Behind Every Beautiful Woman

Sunday night blues were creeping in last week, but I was pleasantly surprised to receive a text which led me to a last minute, unexpected trip to the National Theatre in London on Monday night with a beloved friend and her family as a treat for her birthday. I was told only that it was called ‘Behind the Beautiful Forevers’ and it was chosen because the friend in question had recently travelled around India so her mother thought it was suitable. And suitable it was – it surpassed suitable, as anything at the National does; this was extraordinary.
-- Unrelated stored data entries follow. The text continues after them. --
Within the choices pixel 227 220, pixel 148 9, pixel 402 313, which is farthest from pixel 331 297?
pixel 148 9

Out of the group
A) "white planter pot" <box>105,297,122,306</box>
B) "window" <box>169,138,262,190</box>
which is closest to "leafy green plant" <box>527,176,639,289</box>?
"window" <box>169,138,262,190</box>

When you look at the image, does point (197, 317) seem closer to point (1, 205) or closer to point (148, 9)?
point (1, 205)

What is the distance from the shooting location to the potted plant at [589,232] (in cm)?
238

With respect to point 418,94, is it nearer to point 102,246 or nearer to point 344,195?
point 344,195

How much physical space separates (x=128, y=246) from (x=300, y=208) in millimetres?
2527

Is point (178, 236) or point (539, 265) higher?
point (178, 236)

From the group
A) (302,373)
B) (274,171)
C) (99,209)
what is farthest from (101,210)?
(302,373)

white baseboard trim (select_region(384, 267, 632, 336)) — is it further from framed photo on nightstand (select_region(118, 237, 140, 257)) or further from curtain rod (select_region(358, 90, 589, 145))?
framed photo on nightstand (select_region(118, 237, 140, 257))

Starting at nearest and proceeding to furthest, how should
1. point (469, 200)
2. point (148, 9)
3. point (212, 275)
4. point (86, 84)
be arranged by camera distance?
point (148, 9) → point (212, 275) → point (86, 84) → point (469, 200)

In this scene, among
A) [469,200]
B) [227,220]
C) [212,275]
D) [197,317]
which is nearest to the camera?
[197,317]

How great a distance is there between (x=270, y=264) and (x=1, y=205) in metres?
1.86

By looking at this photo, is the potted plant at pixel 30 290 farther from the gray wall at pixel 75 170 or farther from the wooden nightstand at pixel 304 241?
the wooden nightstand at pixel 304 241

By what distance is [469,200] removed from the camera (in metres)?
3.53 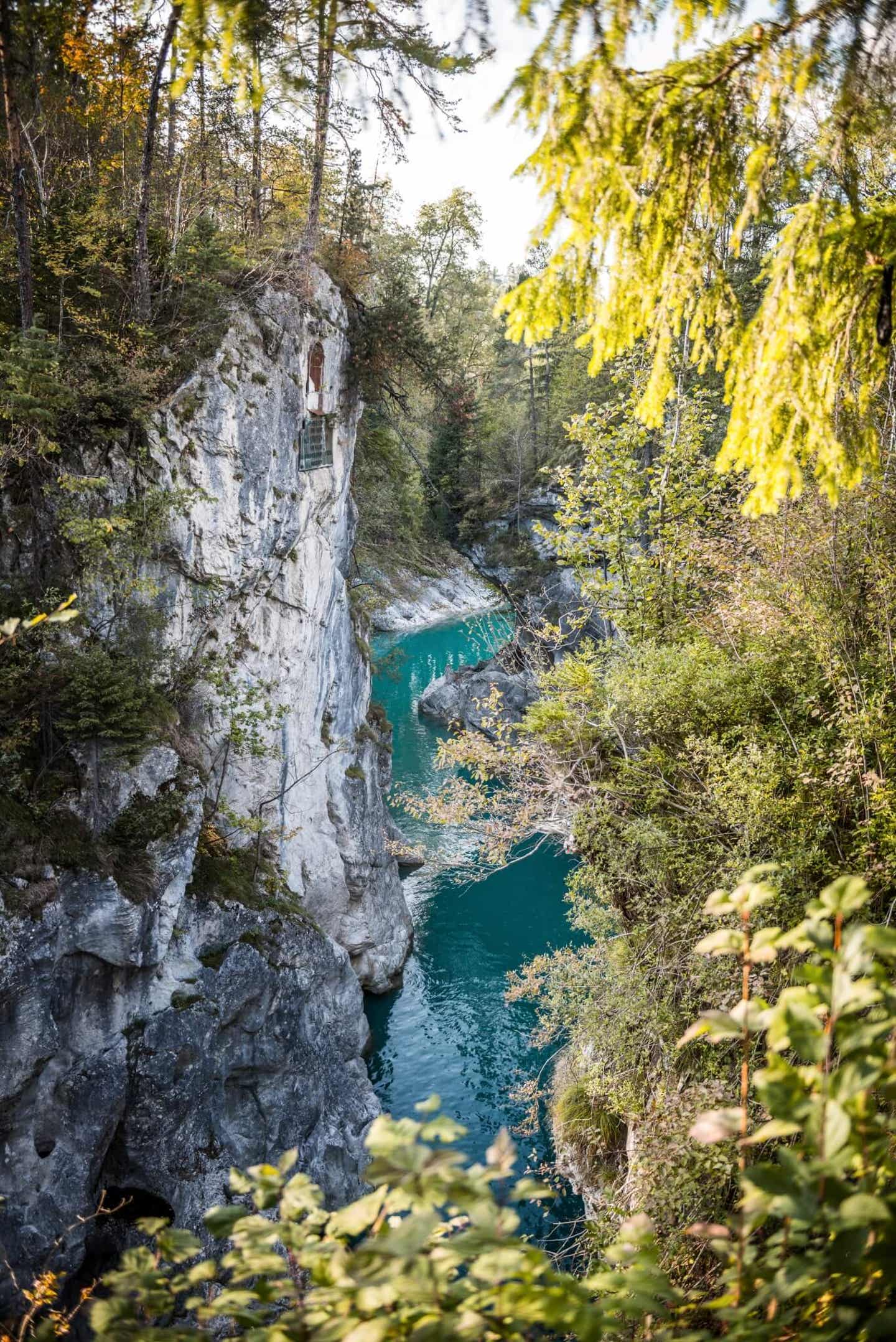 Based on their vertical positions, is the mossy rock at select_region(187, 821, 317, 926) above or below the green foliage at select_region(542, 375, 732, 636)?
below

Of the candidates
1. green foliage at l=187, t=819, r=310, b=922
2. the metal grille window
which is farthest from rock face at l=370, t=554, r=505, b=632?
green foliage at l=187, t=819, r=310, b=922

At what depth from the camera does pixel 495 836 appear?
911 cm

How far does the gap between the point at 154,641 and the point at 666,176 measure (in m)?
9.15

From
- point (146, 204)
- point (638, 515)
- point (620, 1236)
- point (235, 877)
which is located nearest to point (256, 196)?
point (146, 204)

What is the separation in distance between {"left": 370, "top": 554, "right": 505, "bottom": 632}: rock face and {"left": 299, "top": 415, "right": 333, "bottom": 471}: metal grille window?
2382cm

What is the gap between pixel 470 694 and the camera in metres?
31.8

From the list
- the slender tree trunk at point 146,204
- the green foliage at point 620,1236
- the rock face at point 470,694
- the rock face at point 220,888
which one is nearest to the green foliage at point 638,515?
the rock face at point 220,888

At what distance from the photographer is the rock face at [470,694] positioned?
3053cm

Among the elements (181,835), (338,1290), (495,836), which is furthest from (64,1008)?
(338,1290)

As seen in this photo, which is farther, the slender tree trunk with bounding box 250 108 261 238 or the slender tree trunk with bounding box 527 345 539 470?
the slender tree trunk with bounding box 527 345 539 470

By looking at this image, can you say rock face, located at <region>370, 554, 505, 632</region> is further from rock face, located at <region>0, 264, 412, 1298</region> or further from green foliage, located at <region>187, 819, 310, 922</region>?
green foliage, located at <region>187, 819, 310, 922</region>

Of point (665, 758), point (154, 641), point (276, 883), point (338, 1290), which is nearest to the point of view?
point (338, 1290)

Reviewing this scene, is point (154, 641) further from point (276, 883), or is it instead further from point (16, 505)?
point (276, 883)

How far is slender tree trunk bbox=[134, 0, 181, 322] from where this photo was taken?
34.3 ft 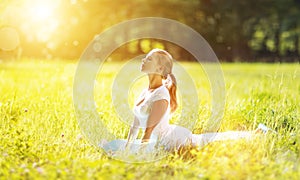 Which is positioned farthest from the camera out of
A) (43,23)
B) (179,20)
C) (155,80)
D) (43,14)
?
(179,20)

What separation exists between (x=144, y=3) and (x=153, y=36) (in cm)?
339

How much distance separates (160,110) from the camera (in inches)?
206

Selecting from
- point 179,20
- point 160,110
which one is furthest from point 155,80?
point 179,20

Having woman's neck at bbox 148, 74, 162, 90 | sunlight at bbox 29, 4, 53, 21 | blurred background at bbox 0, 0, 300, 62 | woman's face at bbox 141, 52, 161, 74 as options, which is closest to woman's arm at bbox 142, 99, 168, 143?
woman's neck at bbox 148, 74, 162, 90

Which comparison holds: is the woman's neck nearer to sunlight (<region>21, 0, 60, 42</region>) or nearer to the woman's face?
the woman's face

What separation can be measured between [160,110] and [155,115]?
0.07 metres

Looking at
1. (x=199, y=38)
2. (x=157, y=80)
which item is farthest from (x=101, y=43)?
(x=157, y=80)

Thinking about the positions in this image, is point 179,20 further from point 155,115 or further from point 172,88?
point 155,115

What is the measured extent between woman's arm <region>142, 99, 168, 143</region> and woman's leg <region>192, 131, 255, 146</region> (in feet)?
1.77

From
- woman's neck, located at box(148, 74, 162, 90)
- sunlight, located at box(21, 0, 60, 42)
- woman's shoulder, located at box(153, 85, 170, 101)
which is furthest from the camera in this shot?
sunlight, located at box(21, 0, 60, 42)

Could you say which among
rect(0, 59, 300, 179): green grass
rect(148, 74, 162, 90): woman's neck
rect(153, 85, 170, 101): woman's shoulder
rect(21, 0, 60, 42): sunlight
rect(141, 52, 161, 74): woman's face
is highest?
rect(21, 0, 60, 42): sunlight

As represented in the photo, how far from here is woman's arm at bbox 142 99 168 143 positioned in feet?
17.1

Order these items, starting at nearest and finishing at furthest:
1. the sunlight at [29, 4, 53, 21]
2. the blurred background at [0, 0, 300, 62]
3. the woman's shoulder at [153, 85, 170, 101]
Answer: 1. the woman's shoulder at [153, 85, 170, 101]
2. the sunlight at [29, 4, 53, 21]
3. the blurred background at [0, 0, 300, 62]

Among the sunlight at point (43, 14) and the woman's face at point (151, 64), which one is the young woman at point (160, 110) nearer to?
the woman's face at point (151, 64) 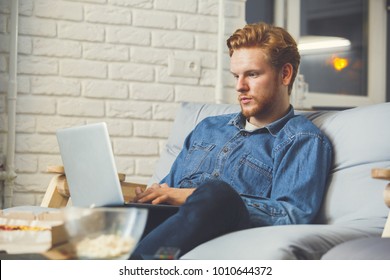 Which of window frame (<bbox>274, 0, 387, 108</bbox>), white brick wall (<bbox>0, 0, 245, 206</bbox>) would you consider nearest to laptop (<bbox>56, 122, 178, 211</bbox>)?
white brick wall (<bbox>0, 0, 245, 206</bbox>)

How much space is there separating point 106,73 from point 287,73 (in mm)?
954

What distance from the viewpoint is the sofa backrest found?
159 centimetres

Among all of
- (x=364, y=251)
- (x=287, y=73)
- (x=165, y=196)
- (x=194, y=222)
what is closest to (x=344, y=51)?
(x=287, y=73)

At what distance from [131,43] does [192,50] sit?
0.27 meters

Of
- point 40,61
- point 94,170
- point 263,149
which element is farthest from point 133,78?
point 94,170

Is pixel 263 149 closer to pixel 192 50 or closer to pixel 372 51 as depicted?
pixel 192 50

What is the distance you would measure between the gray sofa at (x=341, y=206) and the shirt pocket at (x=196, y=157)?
297 millimetres

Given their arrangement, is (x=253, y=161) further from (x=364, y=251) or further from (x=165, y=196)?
(x=364, y=251)

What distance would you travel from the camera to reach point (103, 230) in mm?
880

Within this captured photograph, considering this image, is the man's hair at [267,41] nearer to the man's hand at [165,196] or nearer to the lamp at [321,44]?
the man's hand at [165,196]

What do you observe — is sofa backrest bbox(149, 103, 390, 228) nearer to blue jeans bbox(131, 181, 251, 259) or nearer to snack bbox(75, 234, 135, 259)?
blue jeans bbox(131, 181, 251, 259)

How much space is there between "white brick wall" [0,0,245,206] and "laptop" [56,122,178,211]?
1142mm

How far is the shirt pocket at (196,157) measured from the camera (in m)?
1.87

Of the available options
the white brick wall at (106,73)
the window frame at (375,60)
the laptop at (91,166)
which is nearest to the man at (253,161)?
the laptop at (91,166) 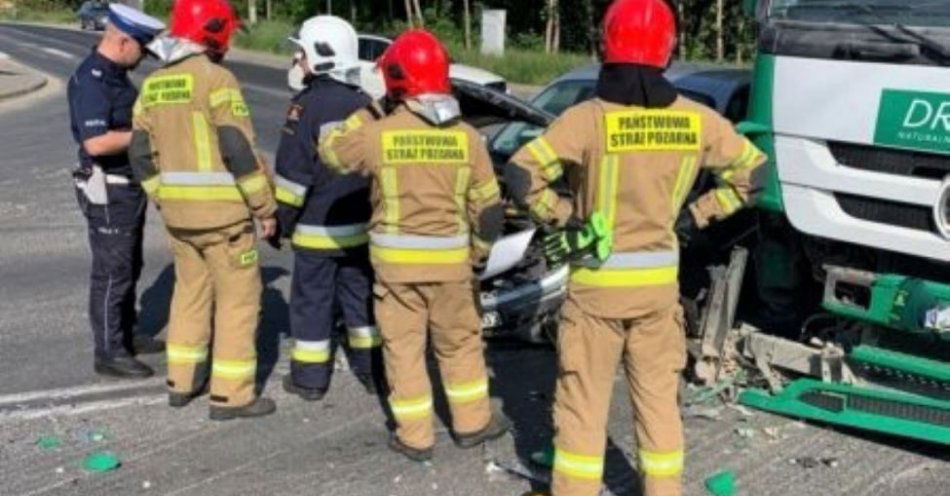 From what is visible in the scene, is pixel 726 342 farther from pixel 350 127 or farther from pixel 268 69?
pixel 268 69

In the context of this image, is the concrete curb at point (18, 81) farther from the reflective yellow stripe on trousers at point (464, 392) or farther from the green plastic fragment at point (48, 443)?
the reflective yellow stripe on trousers at point (464, 392)

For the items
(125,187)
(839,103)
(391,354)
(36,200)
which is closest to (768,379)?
(839,103)

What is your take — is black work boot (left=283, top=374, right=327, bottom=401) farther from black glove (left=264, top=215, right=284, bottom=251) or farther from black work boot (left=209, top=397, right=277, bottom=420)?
black glove (left=264, top=215, right=284, bottom=251)

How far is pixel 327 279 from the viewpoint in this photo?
18.1 feet

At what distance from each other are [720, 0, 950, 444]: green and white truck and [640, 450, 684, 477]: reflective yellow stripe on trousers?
1327 millimetres

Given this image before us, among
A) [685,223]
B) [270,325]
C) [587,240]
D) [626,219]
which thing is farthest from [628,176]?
[270,325]

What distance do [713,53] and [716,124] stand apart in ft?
93.7

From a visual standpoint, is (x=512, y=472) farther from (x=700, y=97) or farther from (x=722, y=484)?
(x=700, y=97)

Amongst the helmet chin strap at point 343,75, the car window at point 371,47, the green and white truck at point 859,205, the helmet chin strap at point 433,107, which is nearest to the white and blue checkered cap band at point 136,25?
the helmet chin strap at point 343,75

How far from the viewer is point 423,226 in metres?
4.72

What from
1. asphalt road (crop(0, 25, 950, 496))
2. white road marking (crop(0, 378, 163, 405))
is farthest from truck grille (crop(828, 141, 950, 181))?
white road marking (crop(0, 378, 163, 405))

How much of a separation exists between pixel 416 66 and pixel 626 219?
122cm

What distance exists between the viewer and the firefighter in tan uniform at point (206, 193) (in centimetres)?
510

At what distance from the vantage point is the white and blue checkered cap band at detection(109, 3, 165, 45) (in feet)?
18.3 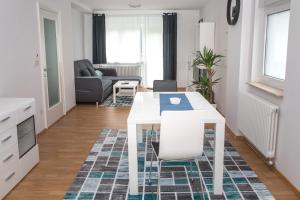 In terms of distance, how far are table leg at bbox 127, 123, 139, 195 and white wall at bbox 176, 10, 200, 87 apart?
23.2 feet

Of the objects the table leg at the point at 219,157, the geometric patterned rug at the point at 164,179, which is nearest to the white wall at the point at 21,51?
the geometric patterned rug at the point at 164,179

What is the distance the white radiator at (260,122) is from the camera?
10.1ft

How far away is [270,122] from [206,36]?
3765 millimetres

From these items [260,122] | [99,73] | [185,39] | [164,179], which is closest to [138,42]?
[185,39]

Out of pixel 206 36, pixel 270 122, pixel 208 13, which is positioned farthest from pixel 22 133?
pixel 208 13

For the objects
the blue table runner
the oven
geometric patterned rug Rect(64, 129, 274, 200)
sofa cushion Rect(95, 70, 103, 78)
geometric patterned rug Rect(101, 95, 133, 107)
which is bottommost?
A: geometric patterned rug Rect(64, 129, 274, 200)

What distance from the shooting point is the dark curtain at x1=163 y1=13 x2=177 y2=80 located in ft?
29.9

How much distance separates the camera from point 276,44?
3.61m

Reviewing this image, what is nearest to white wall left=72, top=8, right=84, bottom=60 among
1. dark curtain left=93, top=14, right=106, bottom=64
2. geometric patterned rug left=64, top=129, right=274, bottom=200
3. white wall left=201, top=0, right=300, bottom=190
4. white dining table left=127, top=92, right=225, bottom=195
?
dark curtain left=93, top=14, right=106, bottom=64

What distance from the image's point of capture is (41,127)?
460 centimetres

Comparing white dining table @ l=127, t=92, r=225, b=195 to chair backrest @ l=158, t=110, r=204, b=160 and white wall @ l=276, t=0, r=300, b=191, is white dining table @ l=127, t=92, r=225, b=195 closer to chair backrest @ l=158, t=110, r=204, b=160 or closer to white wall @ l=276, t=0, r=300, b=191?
chair backrest @ l=158, t=110, r=204, b=160

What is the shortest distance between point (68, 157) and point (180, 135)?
1.85 m

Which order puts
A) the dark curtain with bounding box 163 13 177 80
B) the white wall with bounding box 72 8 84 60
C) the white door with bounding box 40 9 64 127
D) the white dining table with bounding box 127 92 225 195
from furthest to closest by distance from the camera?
the dark curtain with bounding box 163 13 177 80
the white wall with bounding box 72 8 84 60
the white door with bounding box 40 9 64 127
the white dining table with bounding box 127 92 225 195

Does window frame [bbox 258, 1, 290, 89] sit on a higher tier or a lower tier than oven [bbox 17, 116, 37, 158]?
higher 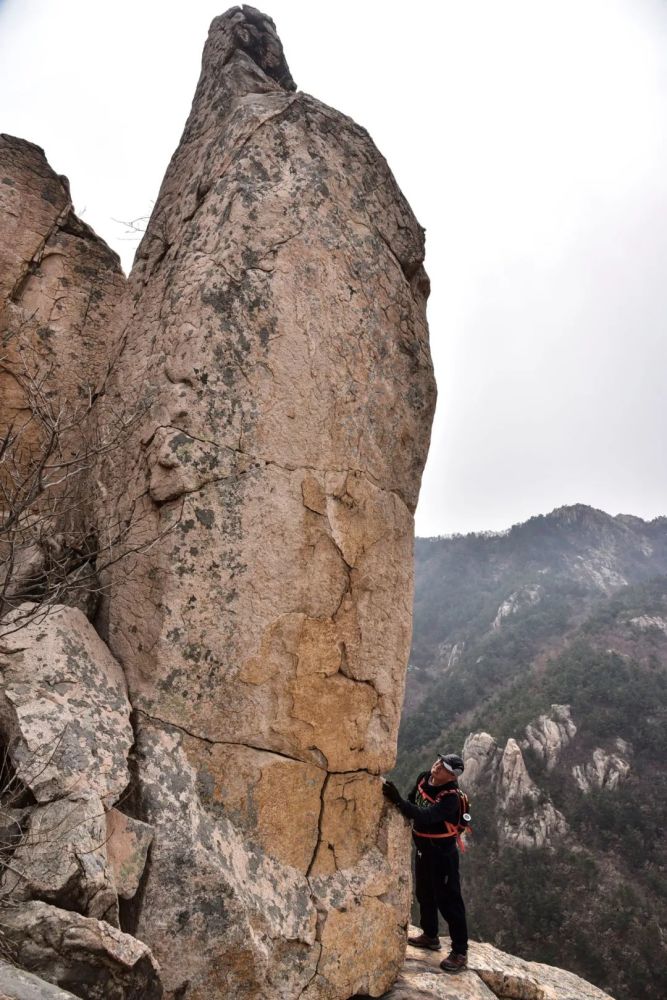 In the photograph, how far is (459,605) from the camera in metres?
66.1

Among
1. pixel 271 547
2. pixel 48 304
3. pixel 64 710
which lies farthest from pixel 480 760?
pixel 64 710

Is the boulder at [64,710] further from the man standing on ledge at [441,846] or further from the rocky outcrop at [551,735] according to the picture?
the rocky outcrop at [551,735]

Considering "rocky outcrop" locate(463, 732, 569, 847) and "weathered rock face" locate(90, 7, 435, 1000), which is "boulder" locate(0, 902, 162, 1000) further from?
"rocky outcrop" locate(463, 732, 569, 847)

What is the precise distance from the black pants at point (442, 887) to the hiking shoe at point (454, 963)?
0.04 meters

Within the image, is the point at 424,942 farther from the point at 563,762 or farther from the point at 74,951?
the point at 563,762

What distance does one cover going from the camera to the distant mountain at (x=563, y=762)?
70.4 feet

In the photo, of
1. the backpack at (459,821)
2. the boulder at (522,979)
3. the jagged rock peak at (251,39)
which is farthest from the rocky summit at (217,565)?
the boulder at (522,979)

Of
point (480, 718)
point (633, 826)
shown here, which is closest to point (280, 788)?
point (633, 826)

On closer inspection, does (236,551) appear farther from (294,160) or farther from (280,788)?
(294,160)

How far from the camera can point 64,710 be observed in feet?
9.43

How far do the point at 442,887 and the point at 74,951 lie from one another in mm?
2860

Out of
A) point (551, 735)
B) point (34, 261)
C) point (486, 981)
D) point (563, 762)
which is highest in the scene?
point (34, 261)

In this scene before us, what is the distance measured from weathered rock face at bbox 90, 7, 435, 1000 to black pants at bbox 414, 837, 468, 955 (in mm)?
403

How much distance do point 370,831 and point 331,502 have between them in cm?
206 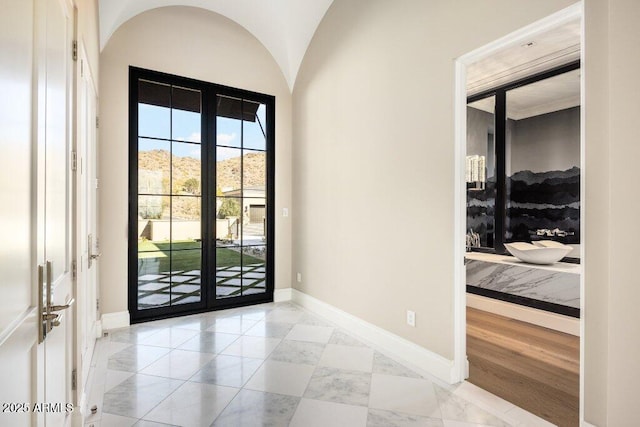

Plastic bags, bottles, cardboard, and paper plummet onto the stage with an almighty crash. The performance has started and Asian songs with a heavy beat blare out over the speakers, startling the older members of our audience somewhat. Throughout the production projections of planes fly overhead and a fluid chorus rush back and forth across the stage. The delicacy of the actors juxtaposed the grandeur of the set well – although the sheer immensity of the stage often shadowed some of the smaller actors. I loved that the women in this play were at the forefront – playing villians, saints, and just being presented as real people who make mistakes. The story revolved around women and girls, and better still, women of colour – now that is a truly refreshing thing to see in theatre.

Atmosphere, feminism and vibrancy – the National Theatre created a piece with such flavour and tactile emotion that every member of the vast audience was enthralled from start to finish.